*What is expected:* Restate word for word the entries below, starting with the line with "Toyota RAV4 Plug-in Hybrid 3 of 5" and continuing through the line with "Spacious, unfurnished interior". Include both of those lines and no others.

*The data:*
((

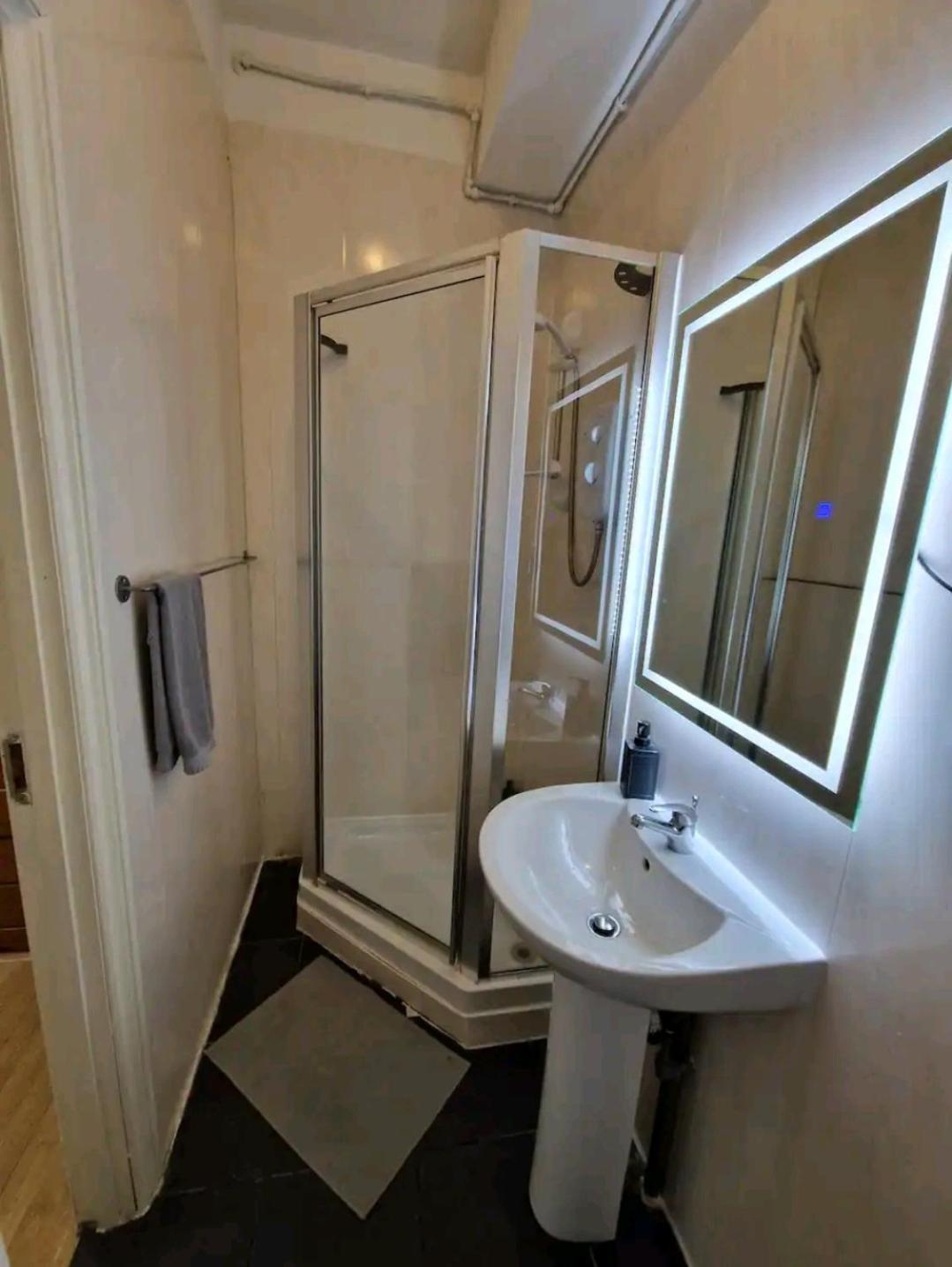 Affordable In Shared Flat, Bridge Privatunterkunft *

))
((

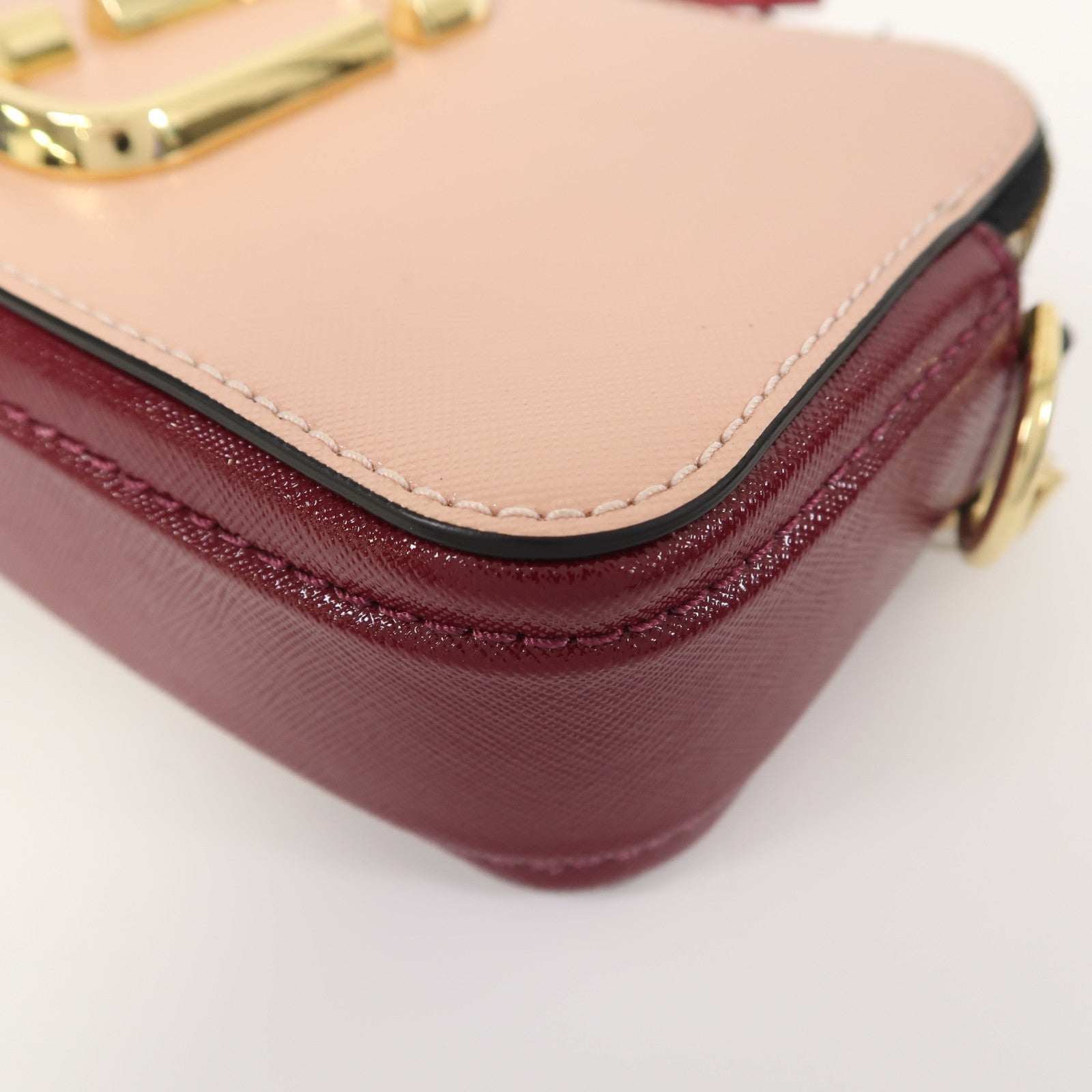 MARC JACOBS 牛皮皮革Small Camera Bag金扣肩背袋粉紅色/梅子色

))
((

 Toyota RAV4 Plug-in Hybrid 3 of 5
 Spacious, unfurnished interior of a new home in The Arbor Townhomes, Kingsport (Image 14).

))

*Your solution:*
 Toyota RAV4 Plug-in Hybrid 3 of 5
 Spacious, unfurnished interior of a new home in The Arbor Townhomes, Kingsport (Image 14).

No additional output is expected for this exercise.